Этот день прошел, и его больше нет, прошел, как все другие, а казался таким особенным, необыкновенно важным, трудным и новым. Его больше нет, как если бы его никогда и не было. Мачеха перебинтовала ей палец, ей сделали ванну. Она путала двери в квартире и испугалась, когда в кухне вспыхнул газ. Ни за что в мире не соглашалась она переодеваться при сестрах и с мучительным стыдом открыла свои корзины. Потом все ушли куда-то, осталась только Любовь Ивановна. Зай просидела два часа на кухне, глядя, как она гладит белье, и слушая, как тикают часы.

— И что же вы ели? — спрашивала Любовь Ивановна. — Что могли купить на жалованье? Сколько он зарабатывал? Все еще красивый был или уже старый? Ставил пьесы? Играл сам? А старуха что? Била тебя?

Зай отвечала, что всего было вдоволь, и картошки, и каши, и даже хлеба, что дядя Леша был очень красив, хоть и без зубов, и такой худой, что бабушка говорила, что на него смотреть страшно. И что ее никогда никто не бил, а наоборот, ужасно все любили, даже Алеша, который в Москве женат теперь. И что Алеше, в сущности, было очень стыдно, когда жена его сняла с нее кофточку для Васеньки.

— Это с тебя кофточку? — спросила Тягина и вдруг замерла с утюгом в руке.

— С меня, Любовь Ивановна.

— Я тебе не Любовь Ивановна, а тетя Люба, — сказала она и с грохотом бросила утюг на подставку.

«Я рассердила ее, — подумала Зай. — Господи, если Ты существуешь, помоги мне!»

С отцом она пробыла весь вечер вдвоем.
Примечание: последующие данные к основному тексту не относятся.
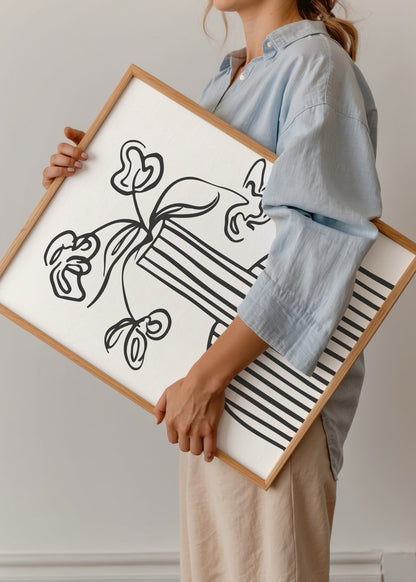 Siyah çizgilerle tasarlanmış vazo ve çiçek minimalist poster baskı.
Она страшно робела и боролась с этой робостью. Она рассказала ему о Бойко, о том, каким он стал в последние годы, какие пьесы играли в Рабочем театре (но уже без него), куда она часто ходила по билетам, которые он доставал.

— Актеры к вам ходили? Актрисы? — упрашивал Тягин.

— Нет, никто не ходил.

— У него были когда-то свои идеи, интересные идеи. Он был талантливый и левый.
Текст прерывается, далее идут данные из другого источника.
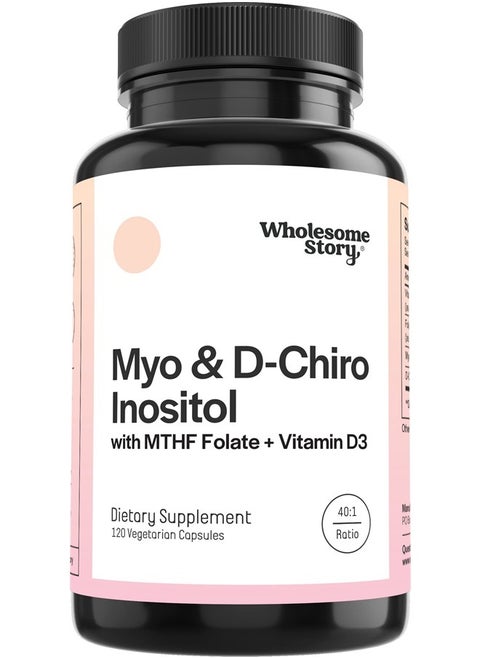 Myo-Inositol & D-Chiro Inositol Capsules with MTHF, Folate, Vitamin D| Support for Ovarian Function, Hormone Balance, & Homocysteine Levels | Fertility Supplements for Women | 40:1 Ratio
— Он никогда об этом не говорил.

— Страдал от своего суфлерства?

Она не знала, страдал ли он; об этом он тоже никогда не говорил. О чем же он говорил?

— Он рассказывал мне о разном. О постороннем. Я в танцевальную школу ходила. Там не рассказывали ничего.

— А по-французски ты говоришь?

— Говорю. И немножко по-немецки.

Этому ее научила бабушка. Они Гюго читали «Человек, который смеется». Было очень скучно.

Тягин сказал:

— Тут у нас тебя все любить будут. Даже Соня. Ты не к чужим приехала. Это твоя страна, тут твоя мать родилась. И, пожалуйста, кушай как следует, а то ты худенькая. Ты из нас здесь больше всех у себя дома.

Зай, наконец, осталась одна. В комнате, куда ее отвели, стояла еще одна кровать, но она не посмела спросить, которая из сестер живет здесь. Она встала на колени у кровати, положила голову и стала думать, думать. Ей хотелось вспомнить молитву, которую заставляла ее читать бабушка. Да, «была Его воля», письмо пришло, и вот она здесь, но ни одного слова она не вспомнила. Она вползла под одеяло, потушила свет; Алексея Андреевича у нее отняли, бабушка отпустила ее. У Алеши была такая жадная жена. Человек из поезда навсегда унес с собой чудную свою книгу. Он подарил ей туфли, как нищенке, и кости ее просвечивали так неподвижно, так страшно. Они — в ней. И душа ее тоже сквозит сквозь тело ее, сквозь ее лицо и глаза, и тоже — неподвижно и страшно. Большое, прозрачное дрожащее насекомое припомнилось ей. Оно ползало по полу на согнутых лапках и обрубком хвоста помогало себе выпрямиться.